It’s dinner party fodder, big banks and the too big to fail label they’ve procured. Stick around for a nightcap and you may get the dirt – big banks doing dumb things, and why, frankly, they deserve to fail.
Case in point
A friend tells me they recently applied for a loan, only to find out their credit score was not what they thought it was, instead really low. They pull their reports and find a Bank of America credit card they hold is the problem. They’ve had this card, along with other accounts at the same “institution”, for years, and rarely use it. They actually had a negative balance on the account a few months back too.
Bank of America didn’t like owing their customer money, so they transferred that credit into a savings account. The account holder eventually went to use this credit, but instead put a balance on the account…of roughly $25. They used online statements, and took care to keep track of all expenditures, so they didn’t think to check. The account went past due a few months, and the bank slaughtered their credit scores. This person will never do business with the bank again.

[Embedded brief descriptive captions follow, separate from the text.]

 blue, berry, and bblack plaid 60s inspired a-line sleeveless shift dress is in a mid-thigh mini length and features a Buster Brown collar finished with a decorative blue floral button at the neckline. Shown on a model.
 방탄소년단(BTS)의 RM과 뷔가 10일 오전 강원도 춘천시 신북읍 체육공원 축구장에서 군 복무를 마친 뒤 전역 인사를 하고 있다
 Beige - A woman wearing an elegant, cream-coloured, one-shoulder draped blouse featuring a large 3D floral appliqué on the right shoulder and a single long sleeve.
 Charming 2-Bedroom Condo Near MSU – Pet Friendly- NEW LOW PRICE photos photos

I had a B of A credit card, along with paperless statements, too. But I never carried the card – it was a credit line kept for special occasions – and I let the issue slide.
Here a fee, there a fee, everywhere a fee fee
Fast forward, I see B of A is about to start charging new fees for accounts, resetting their entire product line so to speak. The changes center on checking and such, with the goal to reduce face-to-face transactions (i.e. shut branches and teller services) down the road. Management points the finger at financial reforms, that, by the way, were pitched as a way to stop banks from ripping off their customers.
I once heard someone say “banks don’t want you to save…they are built to make it easier for you to spend.” A dearth of deposit slips in those checkbooks you pay for was the reasoning; still, they certainly loved handing out those credit lines, didn’t they?